Attached you will find a letter from the University of Evansville Faculty Senate Executive Committee to the Board of Trustees sent via certified mail on July 31st, 2014.

The Executive Committee distilled the faculty’s anger over the failure of then-President Thomas Kazee to execute the recommendations of the prioritization committees that reviewed every administrative and academic program across the campus. As you can see in the letter, the faculty did not fail in their duties to make actionable recommendations to reduce the size of the university.

President Pietruszkiewicz’s assertion in his October 5th e-mail to the faculty that the faculty failed is false and so is his assertion that the faculty are calling for a new prioritization process to be undertaken. The faculty are calling for a direct participatory role in any decisions regarding academic programs, as is clearly required by our governing documents and the Faculty Manual.
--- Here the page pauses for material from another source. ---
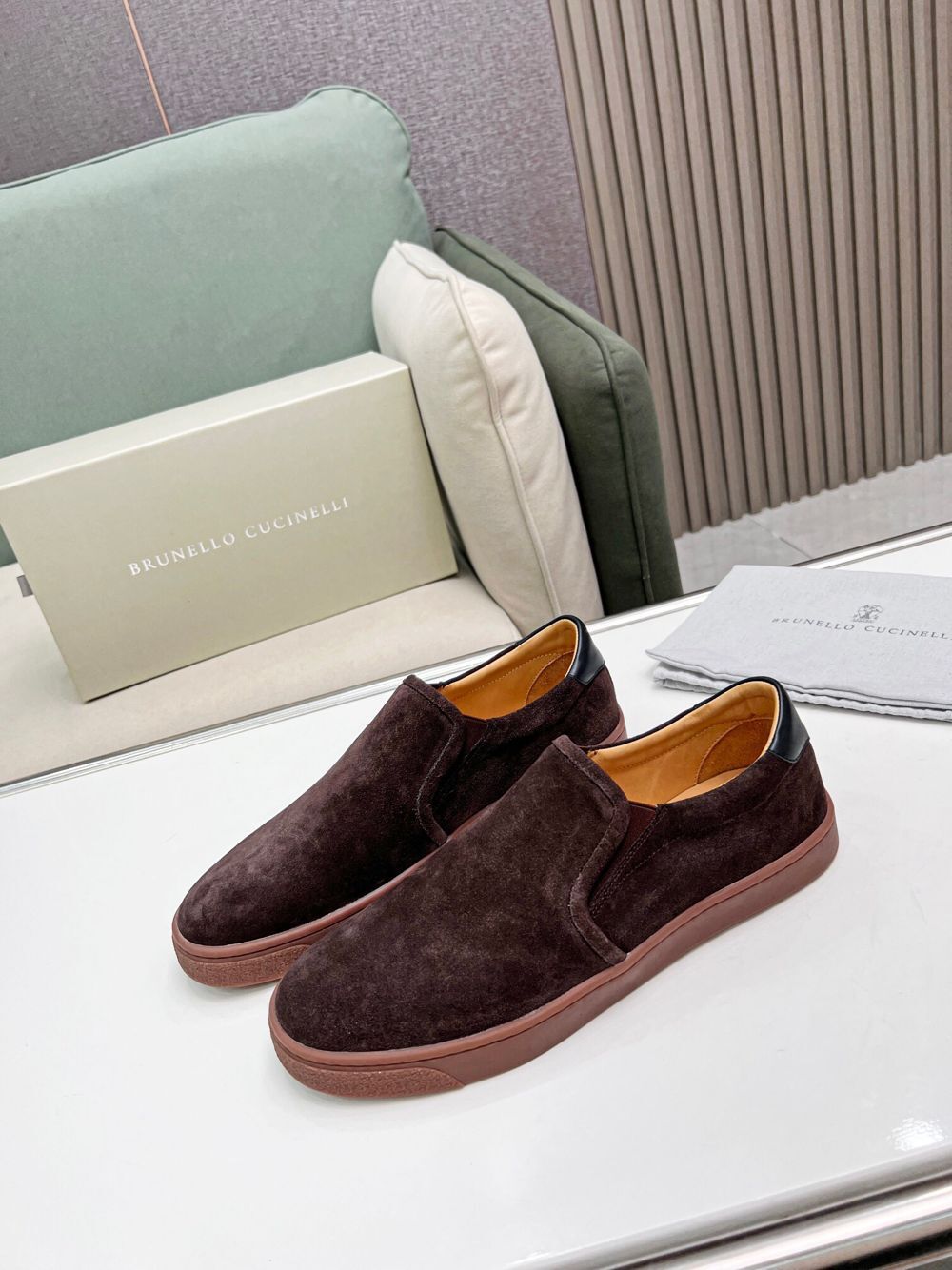 GIÀY BRUNELLO CUCINELLI Suede Brown Slip on shoes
The current president and the current Board of Trustees are actually continuing the poorly thought out cuts that have occurred for the last six years and are the stewards of the decline of the university’s enrollment. They have failed to listen as the faculty has made recommendations and suggestions through the internal committees of the Faculty Senate. The UE AAUP supports the faculty’s efforts to save the University of Evansville.

 Sincerely,

Daniel Byrne

Secretary-Treasurer, UE AAUP

FOOTNOTE: Attached you will find a letter from the University of Evansville Faculty Senate Executive Committee to the Board of Trustees sent via certified mail on July 31st, 2014.
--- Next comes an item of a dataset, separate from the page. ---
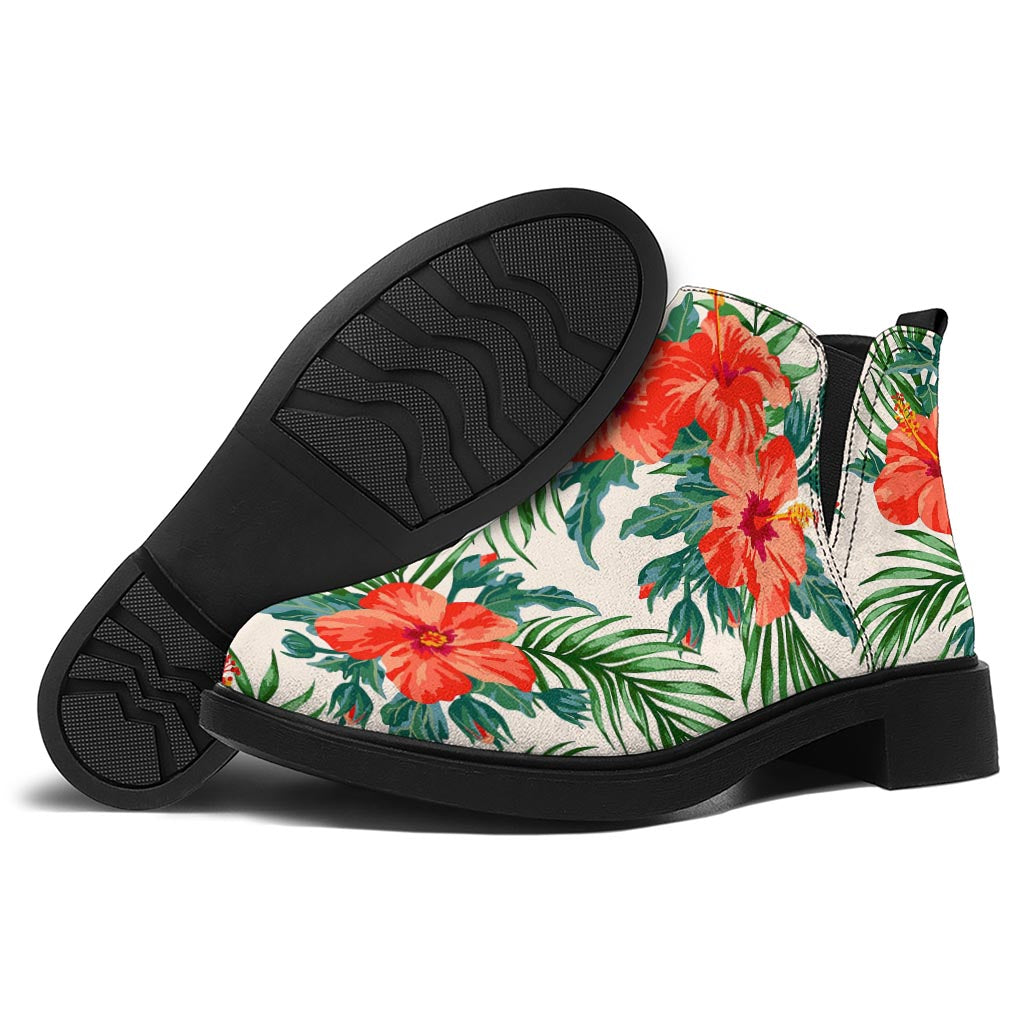 Tropical Hibiscus Blossom Pattern Print Flat Ankle Boots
An Appeal to the University of Evansville Board of Trustees Issued July 31, 2014, By the Faculty Senate of the University of Evansville

On Wednesday, May 14, 2014, the Faculty Senate of the University of Evansville met to discuss President Thomas Kazee’s “Report to the Board of Trustees”(April 25, 2014).  Over 75 faculty attended the event to voice their concerted disappointment with the president’s report which concluded the prioritization process begun the year prior.  Dr. Kazee’s report contained recommendations to the Board of Trustees of a two-year action plan. The university community had anticipated the release of this document after having invested many months and thousands of person-hours into the prioritization process.  However, the assembled faculty widely agreed that Dr. Kazee’s recommendations both failed to incorporate the recommendations of the two program prioritization committees and articulated a path that will be distinctly harmful to the university’s continued success.  This document serves as a preliminary response of the Faculty Senate to what is believed to be the wrong course of action presented to and approved by the Board of Trustees.  It is the hope of the Faculty Senate and the broader university community that corrective actions will be considered in broader consultation that will avert the destructive path on which the university currently has been placed.  The Faculty Senate asks that the Board of Trustees begin its own full review of the prioritization process in conjunction with the faculty to review alternatives and that the faculty and the Board enter into a direct dialogue to address these changes.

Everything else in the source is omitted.